I think we've created a monster! Oh well, it's Halloween. What other time could be more appropriate to create one? 

Ophelia


----------



## nhh (Oct 7, 2008)

Ophelia said:


> I think we've created a monster! Oh well, it's Halloween. What other time could be more appropriate to create one?
> 
> Ophelia


I agree - We may have to get a pool together to send a supply across the water.... 

Nicole


----------



## Hollows Eva (Sep 29, 2011)

muzzzzzt hraaaaaave Caaaaandyyyyycooooooorrrnnnzzz *Crawls along floor with arms out*


----------



## notjustaphaze (Sep 18, 2010)

Hollows Eva said:


> muzzzzzt hraaaaaave Caaaaandyyyyycooooooorrrnnnzzz *Crawls along floor with arms out*


lmao..you know...they make candy corn in other holiday colors too...like reindeer corn....


----------



## Hollows Eva (Sep 29, 2011)

SERIOUSLY???? ooohhhhhh!!


----------



## RedThreadDIY (Sep 15, 2011)

I am not a fan of candy corn. blech!


----------



## sookie (Sep 19, 2010)

Here are my pics! I was surprised when I looked out the window and saw a white box on my table.  I was so happy to get the package I ran out and brought it in:








I went to visit my mom and opened it there 

Here are the awesome things my reaper sent! I love ghosts and vampires and that's what they mailed! Love the skull 









This is a view of everything, there was so much stuff!









Is this not the COOLEST thing ever?  I can hardly wait to put it up on Halloween!









Dish for cupcakes 








I love these handmade ghosts!








These are so cool they are wooden ornaments for tree!

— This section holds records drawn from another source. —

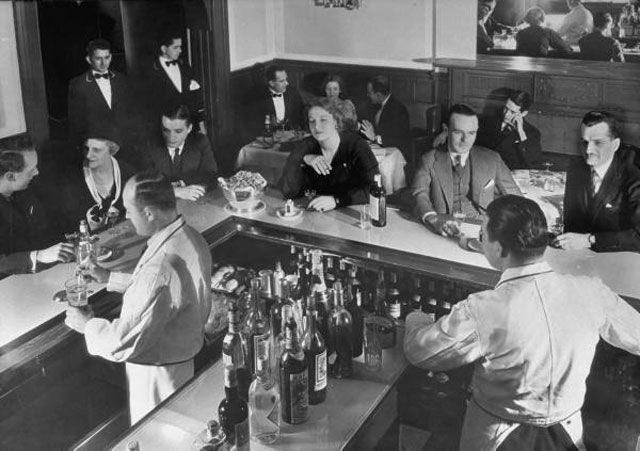 "Patrons & bartenders enjoying the ambiance of a gold & Victorian green bar while a Meyer Davis Orchestra (not seen) & a young lady sings in French & English at this popular unident. speakeasy, a haven for drinkers during prohibition."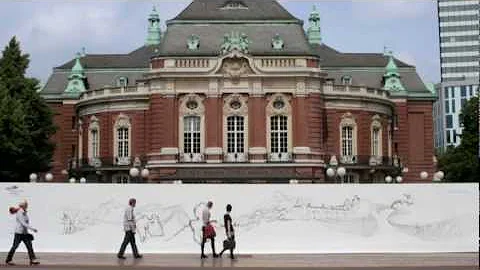 Debbie Smyth installing artwork for Hamburg Philha...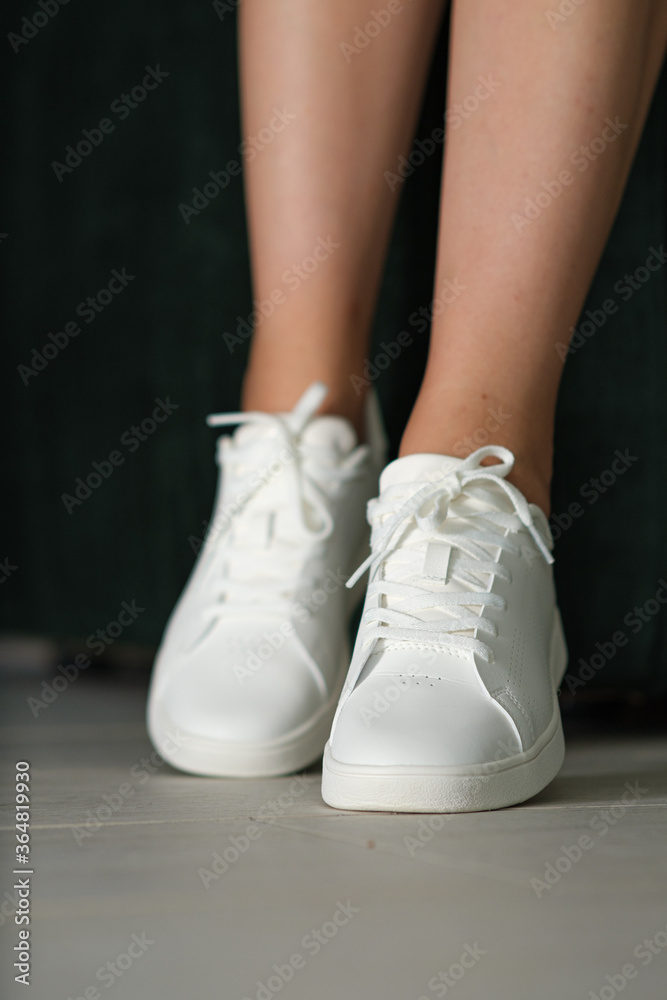 White women's sneakers dressed by a girl White women's sneakers dressed by a girl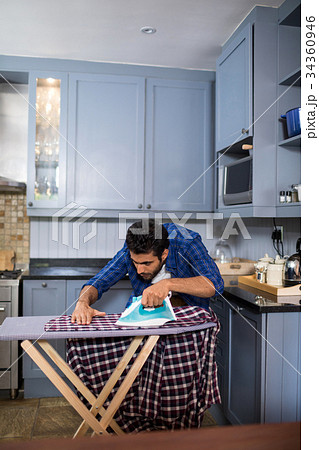 Man ironing shirt while standing in kitchen 34360946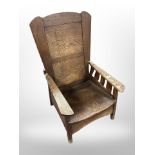 A late 19th century American style Arts and Crafts child's oak armchair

A towel, pins and other things!








This tin is so cool. I am going to get some battery votives for it 

I love the kitty pin so much and the flying ghost! I love it ALL! Thank you so very much reaper! I still don't know who you are on the board, I just have your real name and I don't want to post it here, but thank you!!


----------



## Hollows Eva (Sep 29, 2011)

Oh cool things  I love the flying ghost too


----------



## RedThreadDIY (Sep 15, 2011)

I LOVE those ornaments! I got 2 from a friend and he didn't know where they came from. I wonder if they are vintage or not! Those pins/misc items are adorable. I hope everyone comes back to post pictures of their items when they set everything up! That would be so cool!


----------



## davidsdesire (Sep 4, 2011)

imo, candy corn is sooooo nasty but my honey will eat it til he makes himself sick! so I brought him some gummy candy corn from Disney last week....bwahahahahahaha.


----------



## nhh (Oct 7, 2008)

notjustaphaze said:


> lmao..you know...they make candy corn in other holiday colors too...like reindeer corn....

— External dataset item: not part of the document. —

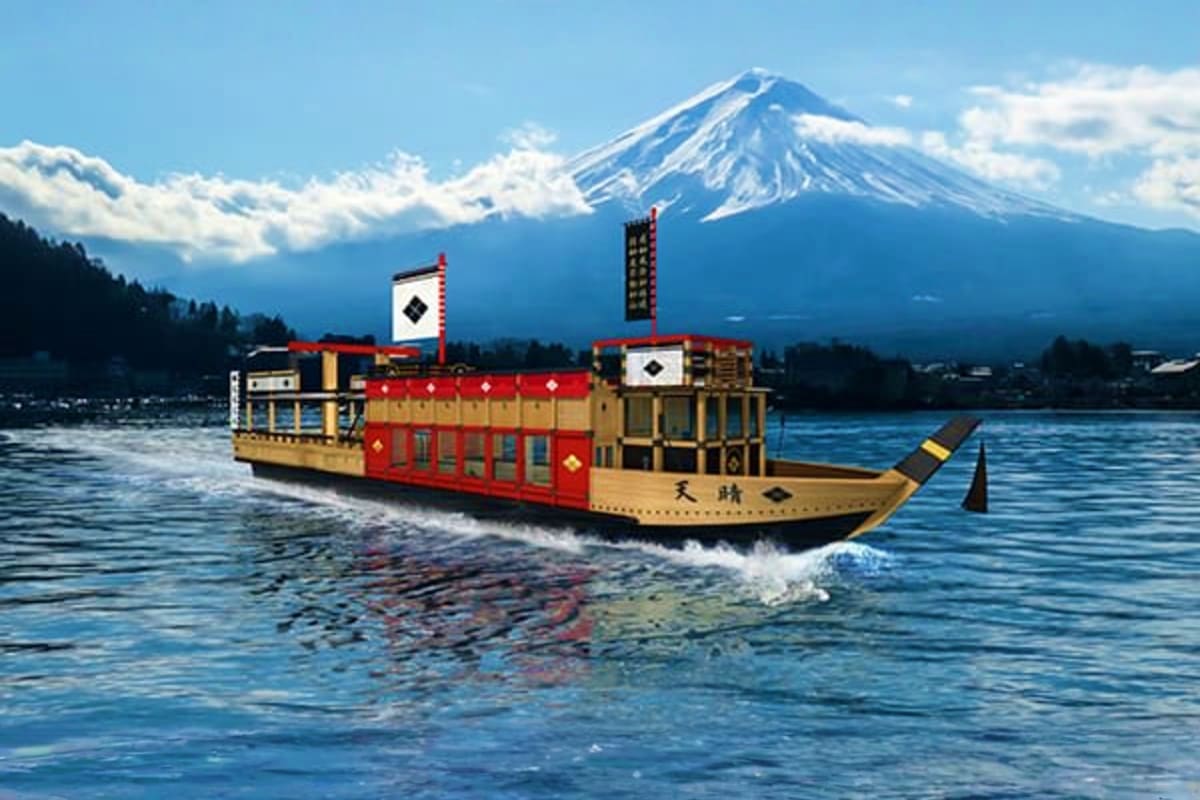 Traditional Japanese wooden boat with red and gold trim on Lake Yamanaka, snow-capped Mount Fuji in background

Shhhh don't tell her that.....  

Wow, more awesome gifts everyone is getting!! Yeah!


----------



## Pumpkinprincess (Aug 8, 2007)

I just returned home to find that I'd been reaped! My porch skelly couple had a box just for me nestled between them!

I immediately opened it to find the MOST AMAZING CEMETERY SIGN!   

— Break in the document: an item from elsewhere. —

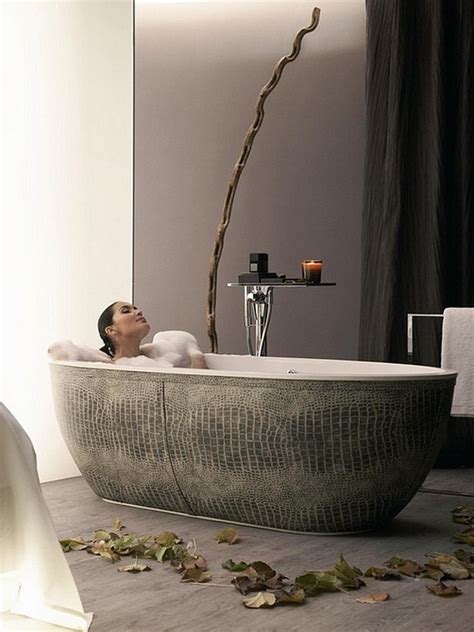 That means that specialists recommend the use of small bathtubs or even their replacement with shower cabins. Contemporary freestanding bathtub ideas with elegant design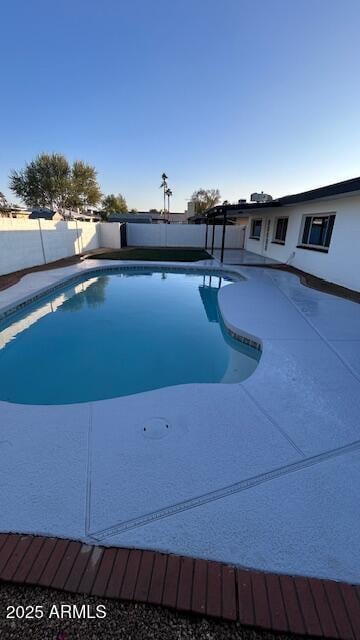 view of swimming pool with a patio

Wow...Secret Reaper I admire your skill and patience. I could never do such detail. I'm amazed by the lettering.

I need to do some research and find your username so I can thank you in pm.

My sign, complete with a sitting raven, will be perfect in my display. Thanks again for such a useful and thoughtful gift!


----------



## printersdevil (Sep 7, 2009)

Eva, they even make small pumpkins in the candy corn flavor!


----------



## Hollows Eva (Sep 29, 2011)

oooh.. getting better and better.

pumpkinprincess the gravestone is amazing!!


----------



## sookie (Sep 19, 2010)

I just hooked my ghost up that I got today from my reaper outside in the backyard to test it. It's SO CREEPY  and it's so loud the dog started barking my mom who is next door called and said what is that??? MWHAHAHAHHA I LOVE THIS THING! 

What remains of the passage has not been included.